2026年5月14日(木曜日)小松市、能美市、加賀市学術講演会 特別講演 『高血圧管理・治療ガイドライン2025(JSH2025)のポイントとARNIへの期待』
[2026.04.07]
2026年5月14日(木曜日)小松市、能美市、加賀市学術講演会
特別講演 『高血圧管理・治療ガイドライン2025(JSH2025)のポイントとARNIへの期待』
座長 芳珠記念病院 内科部長 臼倉 幹哉 先生
演者 近畿大学医学部 腎臓内科 主任教授 有馬 秀二 先生
- 診察室血圧 140/90mmHg以上が高血圧と定義される。(家庭血圧では135/85mmHg以上)
- JSH2025において、高血圧の降圧目標値は130/80mmHg未満と定められた。これ以上の血圧に比べて、脳卒中や心臓病が減少するためである。
- 血圧は120/80mmHgを超えて、高くなればなるほど、脳卒中、冠動脈疾患、心不全、心房細動、認知症の罹患リスクと死亡リスクが高くなる。
- 75歳以上の高齢者でも血圧目標値は130/80mmHg未満であるが、身体機能や認知機能が低下した高齢者の場合、降圧に伴い転倒リスクが増えるリスクもあり、個別判断(収縮期血圧<140~150)となる。
- 日本において、高血圧者数は 約4300万人と推定される。そのうち血圧が良好にコントロールされている者は1200万人のみで、1400万人は自分が高血圧である認識すらない。
- 世界の国の中で日本の高血圧コントロールは最下位レベルである。
- 高血圧治療において、生活習慣の改善も重要である。

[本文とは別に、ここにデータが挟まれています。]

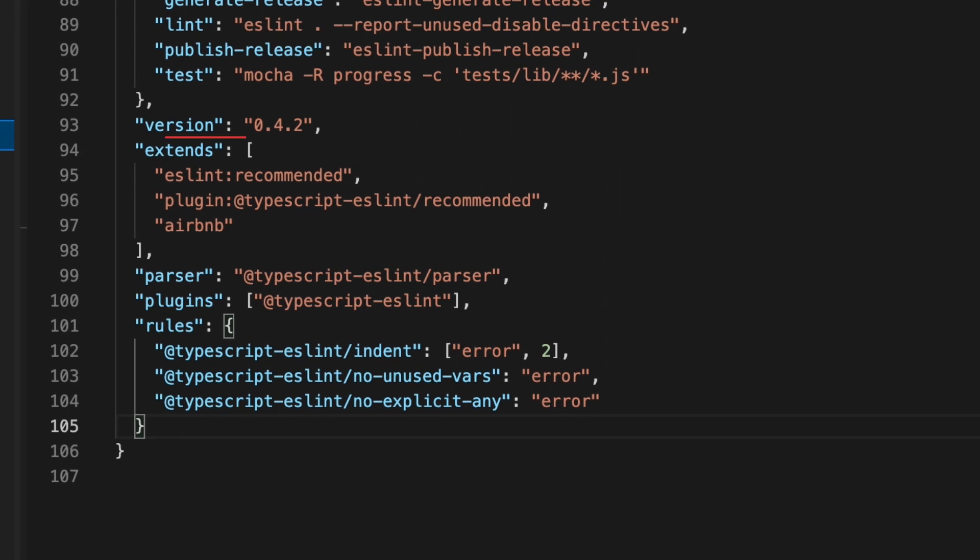The extends configuration tells ESLint what configuration sets to extend from. The parser configuration tells ESLint to run the code through a parser when analyzing the code. The plugins array is where you'll define which plugins to use. The rules object is where you can override other rules applied by the configuration sets defined in the extends config.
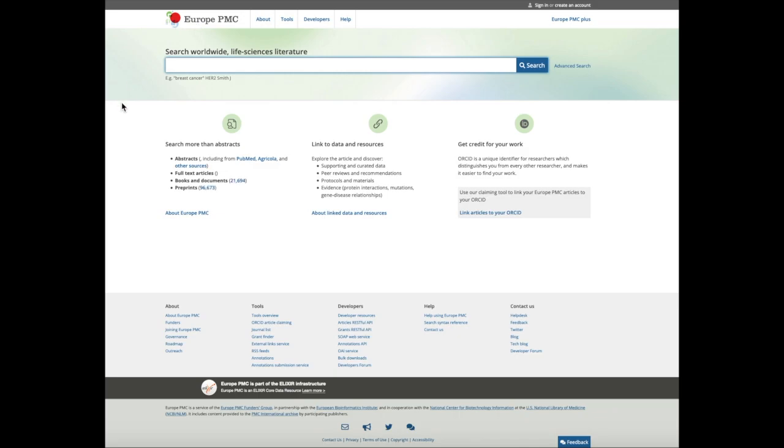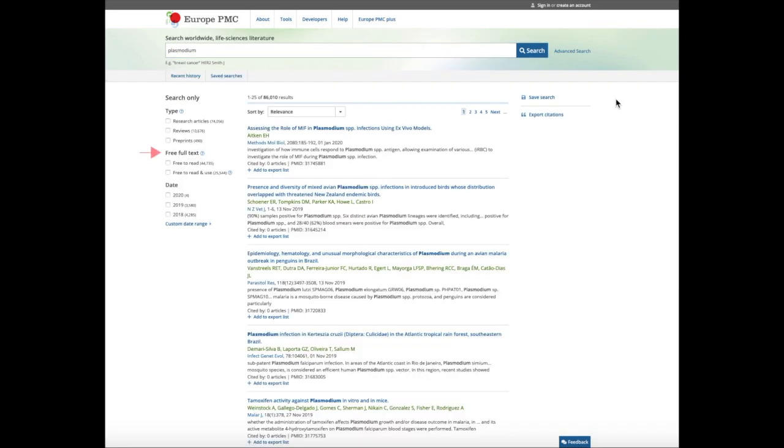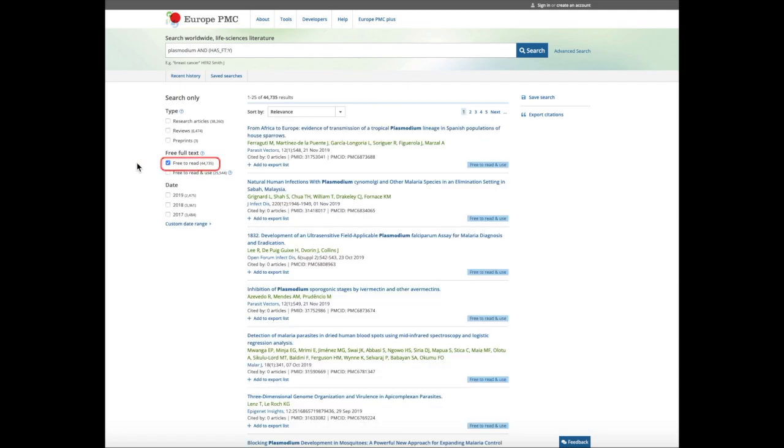Europe PMC allows you to filter your search results for full text articles. For example, when searching for Plasmodium, use the free full text search filter on the left hand side of the result page.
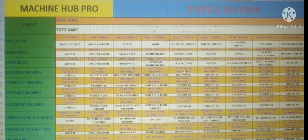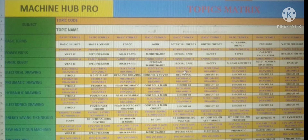Good morning friends. Welcome to my YouTube channel, Machine Hub Pro. Today I am going to share the topic matrix. In this, subject-wise, topic-wise, and topic code-wise, you can select the video.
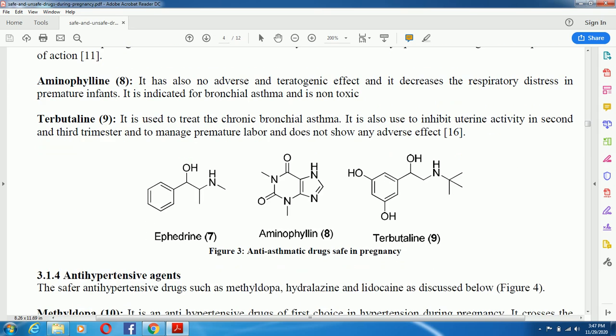As seen in Figure 3, the anti-asthmatic drugs safe in pregnancy are ephedrine, aminophylline, and terbutaline. The chemical structure of ephedrine is also shown, illustrating the structure-activity relationship of these compounds.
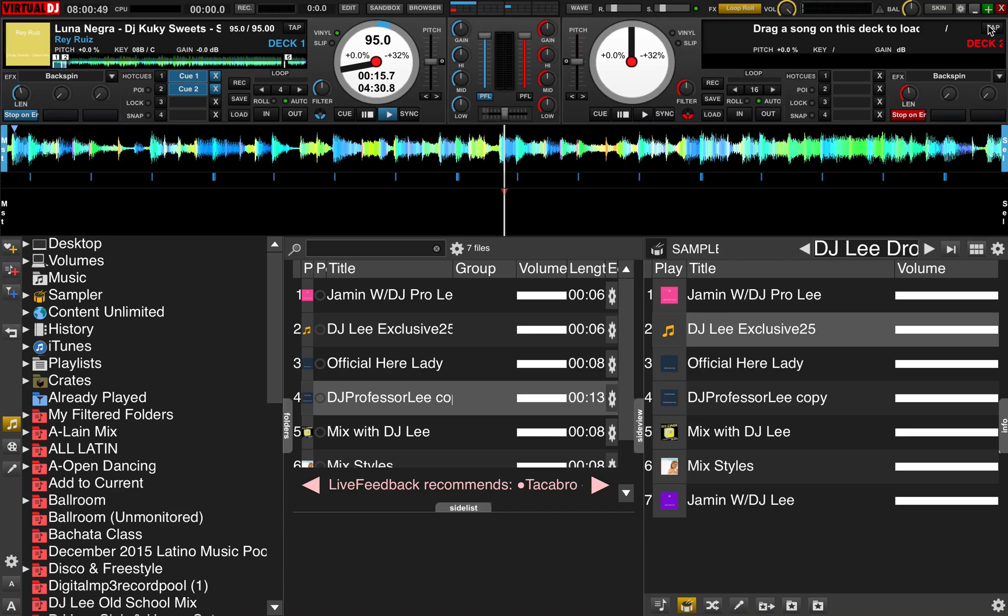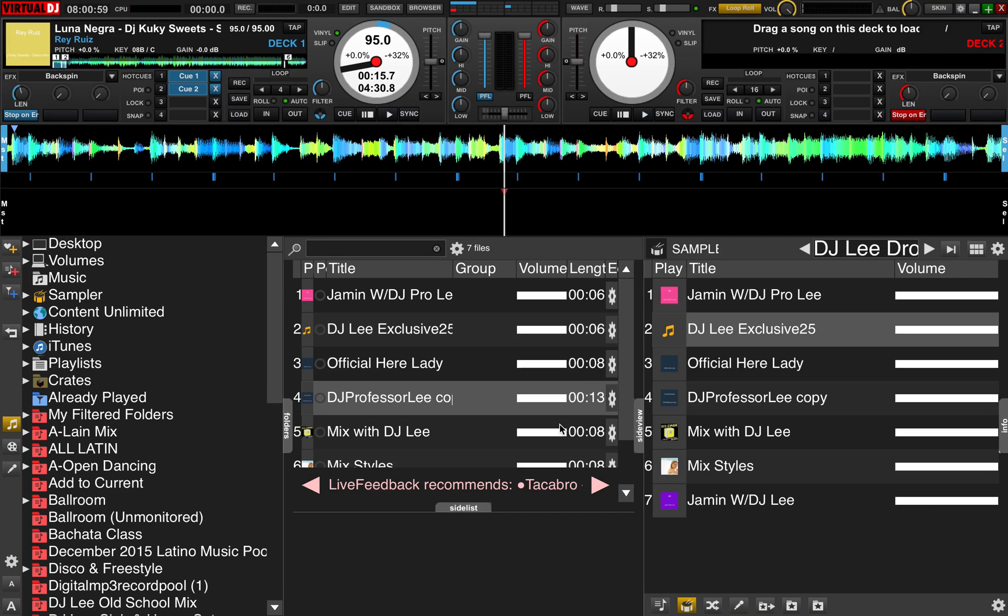Hey everybody, DJ Professor Lee here and I'm coming at you with a quick video regarding renaming your samples in the Virtual DJ sample decks.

ナトリウム制限 食塩6g/日未満、カリウムの積極的摂取、適正体重の維持、運動、節酒、禁煙。
- 診察室での血圧は高いが、診察室外で血圧が高くない状態は白衣高血圧と呼ばれる。白衣高血圧は、持続性高血圧ほど臓器障害リスクが高くないと考えられている。

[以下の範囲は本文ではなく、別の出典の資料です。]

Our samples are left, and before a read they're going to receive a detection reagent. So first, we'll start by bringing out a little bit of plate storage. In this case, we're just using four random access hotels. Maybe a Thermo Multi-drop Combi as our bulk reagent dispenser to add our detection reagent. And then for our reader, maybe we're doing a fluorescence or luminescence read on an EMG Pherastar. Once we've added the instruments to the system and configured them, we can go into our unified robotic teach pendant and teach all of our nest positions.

- 逆に診察室血圧は高くないが、診察室外で血圧が高い状態は仮面高血圧と呼ばれ、持続性高血圧と同程度の臓器障害を有し、適切な降圧治療が必要である。
- 日本において、高血圧に起因する脳心血管病死亡数は年間約17万人と推定される。脳心血管病死亡の約40%は高血圧に起因すると推定される。
- 収縮期血圧が脳心血管病リスクをより強く予測する。
- 拡張期高血圧(収縮期血圧は正常)は若、中年に多く、脳心血管病リスクが高くない場合、積極的な降圧治療は勧められない。
- 通常、夜間血圧は日中覚醒時より10~20%低下する。(dipper型 正常型)、夜間血圧が日中より20%以上低下するパターンをextreme-dipper型、0~10%未満をnon-dipper型、0%未満をriserと呼ぶ。いずれのタイプもdipper型と比較し脳心血管イベント発生リスクが高い。
- 日本人では圧利尿曲線が右方移動(ナトリウムを排泄するためにより高い血圧が必要)している食塩感受性高血圧、Non-dipper型高血圧が多い。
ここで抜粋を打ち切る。